The U.S. Marines were killed during the fierce Battle of Tarawa in November 1943, said Noah, whose organization worked in coordination with the U.S. Defense Department on the recovery efforts.

“(They) had an expectation that if they were to die in the line of duty defending their country they would be brought home… that was a promise made 70 years ago that we felt should be kept,” Noah reportedly said on Tuesday.

He added that the remains, although they nave not been officially identified, almost indubitably include those of 1st Lt. Alexander Bonnyman, who was posthumously awarded the Medal of Honor, America’s highest military accolade, for conspicuous gallantry.

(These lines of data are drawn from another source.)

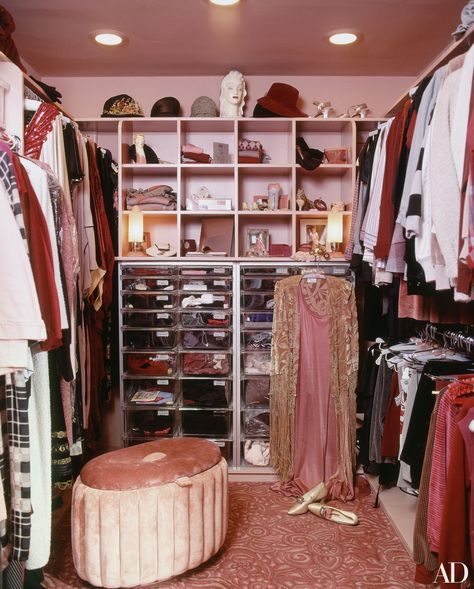 One look inside Barbara Streisand's dressing room and you're sure to come down with a case of closet envy. we love how the singer and actress organizes her space. | archdigest.com Closet Vanity Room, Lake Apartment, Lady Lounge, Vintage Dressing Rooms, House In Malibu, Art Deco House, Malibu House, Barbara Streisand, Closet Vanity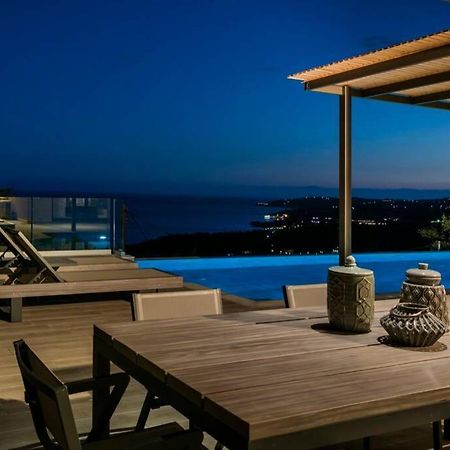 Color Villas-New Villa Green At Trapezaki With Private Pool Mousata エクステリア 写真
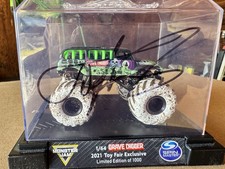 Monster Jam Spin Master 2021 Toy Fair Exclusive 1/1000 Grave Digger SIGNED TYLER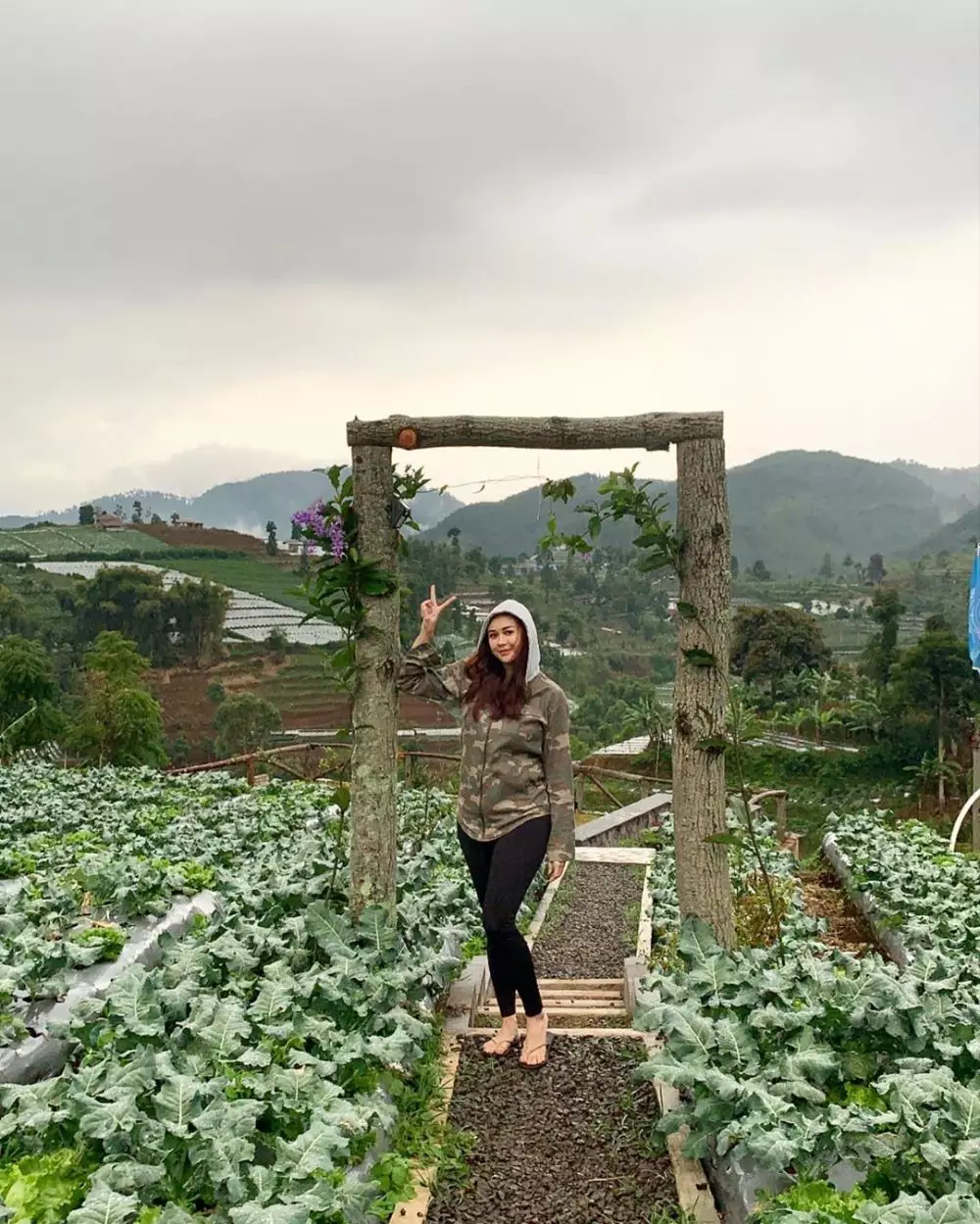 Momen liburan Aura Kasih Instagram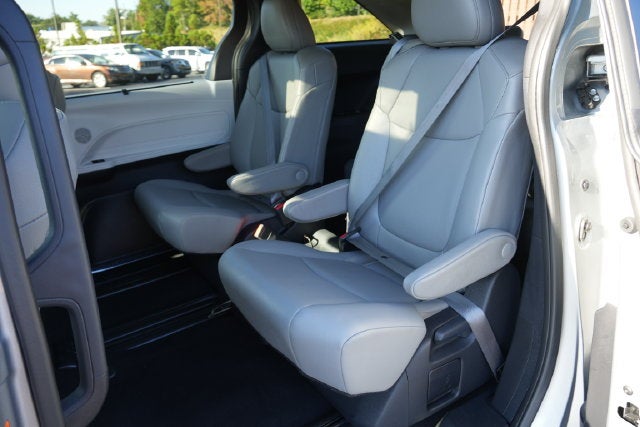 2025 Toyota Sienna XLE 8 Passenger
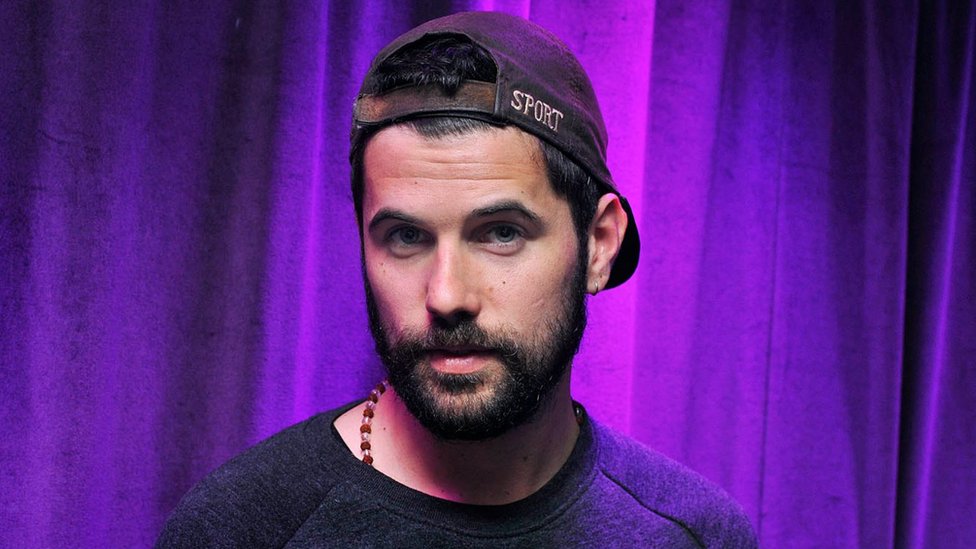 Nick Mulvey on life (and nappy) changes ahead of album two BBC News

“Bonnyman’s citation says he led a series of assaults when Marines stormed the island, finally falling when he attacked a bombproof installation that was hampering the advance,” notes Agence France-Presse (AFP).

“Overall, more than 1,000 Americans died at Tarawa, while the entire Japanese garrison of 4,800 was wiped out,” it adds.

Bonnyman was presumed buried at sea.

“The archaeological team found the mass grave using magnatomatry, radar scans, cadaver dogs, and interviews with surviving veterans of the battle,” notes The Associated Press (AP).

Several hundred U.S. troops were buried in make-shift, unrecorded graves after the Tarawa battle where they still lay, according to Noah.

The late Lt. Bonnyman’s “tale begins on Dec. 7, 1941, when the Japanese bombed Pearl Harbor. Sandy Bonnyman was a miner near Santa Fe, N.M. He had already served a stint in the Army and was now 31 years old. But when he heard the news, he reenlisted, this time in the Marines,” reports The Washington Post.

“By the time he landed on Tarawa Atoll, a string of strategically important islands in the middle of the Pacific, Bonnyman was the executive officer of the 2nd Battalion, 8th Marines’ Shore Party,” it adds. “For three days in late November 1943, the Marines tried to take Betio from the Japanese. Bonnyman led his party across the island, destroying enemy outposts as he went.”

Clay Bonnyman Evans was present when the lieutenant’s body was uncovered, according to The Post. Evans, a former Daily Camera reporter and editor, is the war hero’s grandson.

“Bonnyman’s remains will be flown to a military lab in Hawaii in July, and returned to the family by the end of August,” reports Daily Camera. “He will then be buried at the family plot in Knoxville in late September, in one of the empty plots underneath that large marble monument bearing those false words about his final resting place.”